§ **Extracted data**:
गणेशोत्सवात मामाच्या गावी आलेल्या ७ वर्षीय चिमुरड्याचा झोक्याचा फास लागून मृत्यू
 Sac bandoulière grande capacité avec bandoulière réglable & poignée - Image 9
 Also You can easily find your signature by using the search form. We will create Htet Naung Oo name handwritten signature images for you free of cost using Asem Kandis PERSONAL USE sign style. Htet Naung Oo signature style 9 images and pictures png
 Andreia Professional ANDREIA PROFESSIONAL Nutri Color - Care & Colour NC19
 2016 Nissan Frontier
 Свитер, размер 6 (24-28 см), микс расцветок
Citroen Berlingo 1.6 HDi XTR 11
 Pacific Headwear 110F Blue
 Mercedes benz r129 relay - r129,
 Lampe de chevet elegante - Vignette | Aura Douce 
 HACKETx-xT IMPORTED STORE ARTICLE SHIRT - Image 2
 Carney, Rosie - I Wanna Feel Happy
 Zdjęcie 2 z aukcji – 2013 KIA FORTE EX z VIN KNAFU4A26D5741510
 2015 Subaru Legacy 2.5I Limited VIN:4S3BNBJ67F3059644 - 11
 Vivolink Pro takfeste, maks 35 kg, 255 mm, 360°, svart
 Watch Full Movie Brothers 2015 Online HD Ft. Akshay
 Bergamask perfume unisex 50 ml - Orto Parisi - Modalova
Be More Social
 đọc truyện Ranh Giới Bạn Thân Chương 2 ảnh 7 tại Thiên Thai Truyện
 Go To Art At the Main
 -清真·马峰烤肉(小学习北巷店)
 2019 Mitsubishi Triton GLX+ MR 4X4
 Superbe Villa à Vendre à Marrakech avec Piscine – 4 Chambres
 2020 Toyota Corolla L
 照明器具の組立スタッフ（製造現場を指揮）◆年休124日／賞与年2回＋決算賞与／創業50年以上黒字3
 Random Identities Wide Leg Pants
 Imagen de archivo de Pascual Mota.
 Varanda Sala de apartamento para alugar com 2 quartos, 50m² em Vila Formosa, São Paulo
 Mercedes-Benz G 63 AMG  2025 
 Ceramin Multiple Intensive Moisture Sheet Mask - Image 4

§ **Work task**: Whenever a line in the entries holds the word "Mercedes", copy that line.

§ **Response to the exercise**:
 Mercedes benz r129 relay - r129,
 Mercedes-Benz G 63 AMG  2025 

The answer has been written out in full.